Three years into the Trump presidency, a widespread international understanding of what getting on the U.S. president’s wrong side can mean played some role in the Security Council’s reluctance to go on record condemning the U.S. plan, some analysts say.

“Trump’s reputation as a counterpuncher really has deterred many actions that could provoke him to take negative or retaliatory steps,” says James Phillips, senior research fellow for Middle Eastern affairs at the Heritage Foundation in Washington. “I’d say the Tunisian decision [on its ambassador] probably reflected that.”
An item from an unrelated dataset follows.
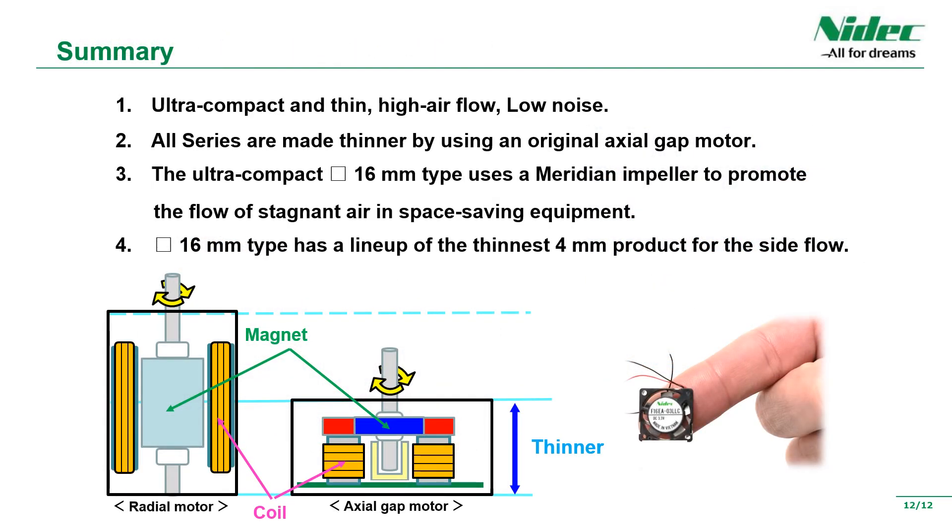Finally, this is the summary. First, NITIC Coppel Electronics fans are small and thin, yet achieve high airflow and low noise. Second, all of our fan products use our own axial gap type motor, and we have dramatically reduced the thickness compared to the radial type by devising the structure such as the direction of coil winding. Third, the ultra-small fan with a minimum size of 16mm square uses an impeller with our own technology to promote the flow of stagnant air in a space-saving device. Fourth, the 16mm square ultra-small fan is available in a thin side-flow type that can be installed in a very small space inside the device. With these features, NITIC Coppel Electronics fans are used in various scenes and applications.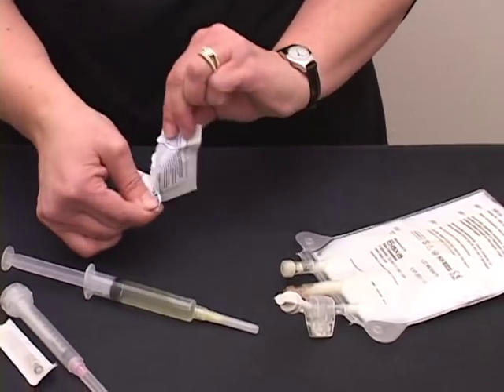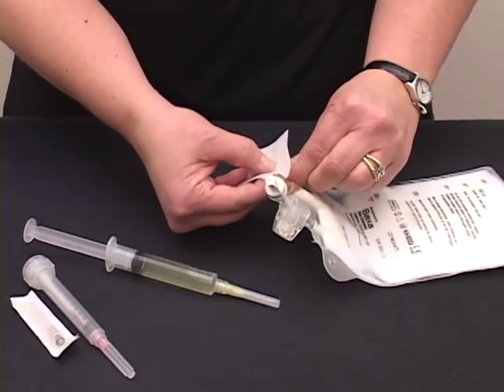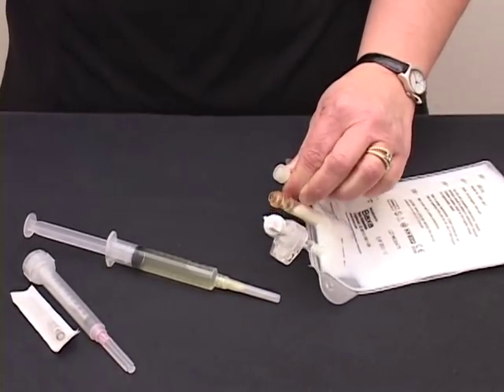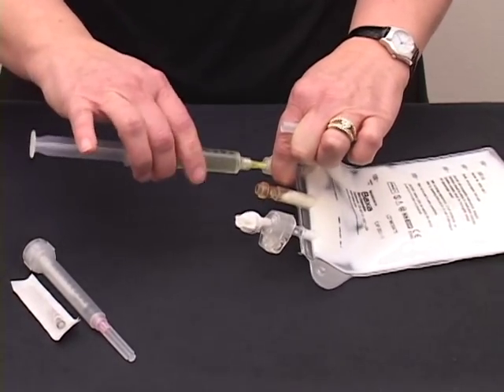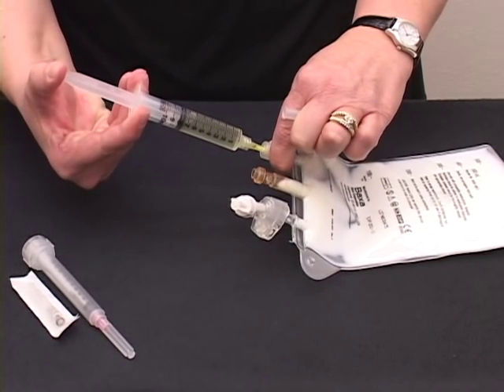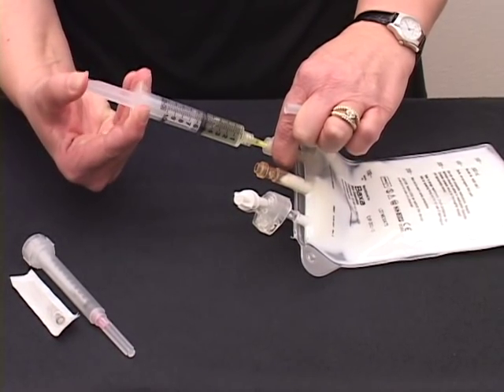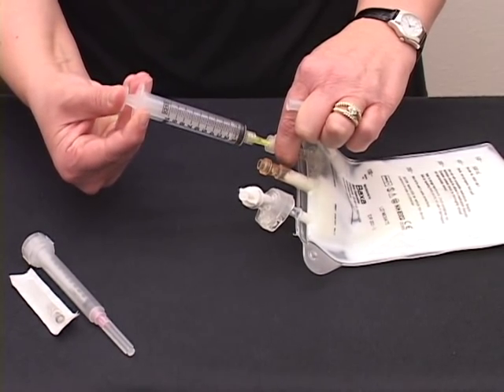Take an alcohol swab, scrub off your injection port, remove the cap from your needle, stick it into your injection port and slowly inject the fluid into your bag. Once it all has been injected, pull out your needle.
Still, Mr. Phillips and others say that what the lack of fiery support for Mr. Abbas reflects first and foremost is the waning of international interest in the Palestinian cause.

Majdi Mohammed/AP
Palestinians clash with Israeli forces during a protest against President Donald Trump's Mideast initiative in the West Bank city of Ramallah, Feb. 11, 2020. Palestinian Authority President Mahmoud Abbas spoke at the United Nations later in the day, but there was no vote on a draft resolution. Diplomats said many members, including European countries, rejected the language in a draft that had circulated.

“It’s sad for the Palestinians, but they just aren’t the do-or-die issue for countries that they once were,” says Michael Oppenheimer, a professor of U.S. foreign policy and international relations at New York University’s Center for Global Affairs. “Clearly this issue has become kind of a nuisance for many countries, particularly the Gulf states that once stood solidly behind them,” he adds. “It’s no longer central to their diplomacy or to their pursuit of national interests.”

Other priorities, from tending to broad strategic relationships (with the U.S. and even Israel) to confronting an expansive Iran, have supplanted the Palestinian issue at the core of Arab and Gulf counties’ interests, Professor Oppenheimer says.

At the same time, Heritage’s Mr. Phillips says many countries look at other challenges in the region – the Syrian civil war, with its millions of refugees; the war in Yemen; upheaval in Libya; the destabilizing presence of the Islamic State – and the result has been a weakening fervor for the Palestinian cause.

“The impact of all these other conflicts is that the Palestinians’ plight is not perceived to be as bad as it used to be,” he says.

U.S. officials say privately that this week’s Security Council session on the Trump plan for resolving the conflict turned out better than they might have expected. They note, for example, that the council had voted overwhelmingly in favor of a resolution condemning the Trump administration’s recognition of Jerusalem as Israel’s capital in 2017 – forcing the U.S. to veto the measure.

By comparison, they take the failure of a resolution condemning the Trump plan as a victory and a sign of things going in the direction of the Trump “vision.”

Still, NYU’s Professor Oppenheimer says that does not mean the world likes what it sees in Mr. Trump’s “deal of the century.”

“Clearly this is not a peace plan. Let’s not pretend that it is. It’s a reflection of facts on the ground,” he adds, “the kind of treaty you’d expect at the end of a war with a clear winner and loser.”

Many countries in the region and in Europe may not like that reality, Professor Oppenheimer says, but they have “moved on” to other priorities and interests.

“Any opposition we hear now [such as that voiced at Tuesday’s Security Council session] is lip service,” he says. “But frankly, I think it’s been lip service all along.”